You can verify this in about 10 seconds: open your browser DevTools network tab, run a conversion, and observe that no outbound request carries the file. The page itself is just static HTML, CSS, and JavaScript.

Technical notes

What "no upload endpoint" means

There is no /api/upload, no presigned S3 URL, no multipart POST handler in the backend that accepts video bytes. The site is served as static assets; the encoder runs in the browser only.

How to verify

Open your browser DevTools, switch to the Network tab, filter to 'media' or 'XHR', and run a conversion. You will see no request body containing your video. The only network traffic is for the page assets themselves.

What is logged

Vercel Analytics records anonymized page views. There is no per-job logging, no upload log, and no retention policy for files because there is nothing to retain.

Good to know

Privacy is structural, not procedural

The bytes never reach a server, but your organization may still require approved tooling for sensitive material. This page is not legal advice. Talk to your IT or compliance team if you have a specific policy to follow.

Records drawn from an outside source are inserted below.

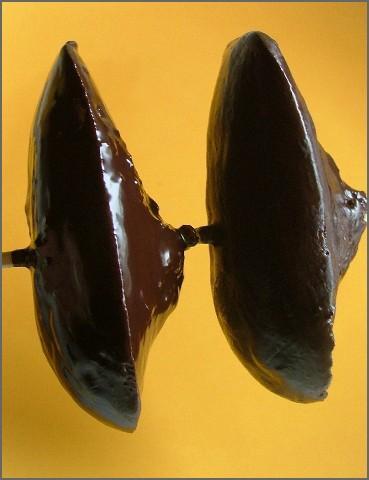 Madeleines de Lenôtre en habit de chocolat noir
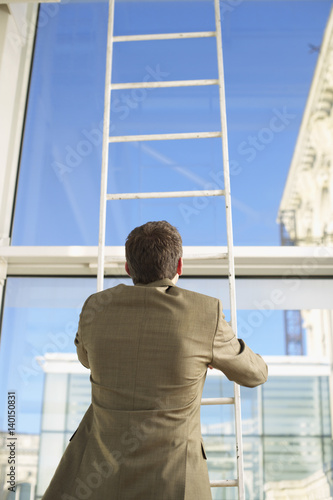 Businessman standing on a ladder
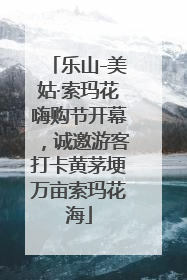 乐山-美姑·索玛花嗨购节开幕，诚邀游客打卡黄茅埂万亩索玛花海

The page itself is loaded over the network

Loading the page (HTML, CSS, JavaScript) involves your browser, your network, and the CDN, same as any website. The video bytes are what stays local.

How to convert videos without uploading them

Run a full video conversion locally in your browser, without uploading the video to a conversion server.

01

Add your videos

Drag and drop your video files into the converter, or click to pick them.

02

Choose your settings

Pick the output format, quality, optional width, and whether to remove audio.

03

Start the batch

Click Convert files. Each file is processed locally on your device.

04

Download

Download files individually, or grab the whole batch as a ZIP.

Frequently Asked Questions

Are my files uploaded anywhere?

No. There is no upload endpoint for video on this site. Files are processed in your browser via WebCodecs and stay on your device.

How do I check that nothing is uploaded?

Open your browser's DevTools network tab and filter by media or XHR while you run a conversion. You should not see a request body containing your file. The only network traffic should be for static page assets.

Is this a good fit for sensitive or work-related video?

For many privacy-conscious workflows, yes; the bytes do not leave your device. For anything covered by a specific organizational policy, treat this page as one option to evaluate, not a compliance promise.

What about the IP address mentioned in the privacy page?

Vercel may briefly process your IP for abuse prevention on page load, the same way any web host does. It is not associated with the contents of any file because no file is sent.

Which browsers does this work in?

Conversion uses the WebCodecs API. Fully supported: desktop Chrome 94+, Edge 94+, Opera 80+, Firefox 130+, and Safari 26+. Safari 16.4 to 25 work for most files but some may fail because their WebCodecs implementation is partial. Browsers without WebCodecs (Chrome/Edge <94, Firefox <130, Safari ≤16.3, Internet Explorer) cannot run the converter at all. Mobile browser support is improving but inconsistent, so a desktop or laptop is recommended for batch work.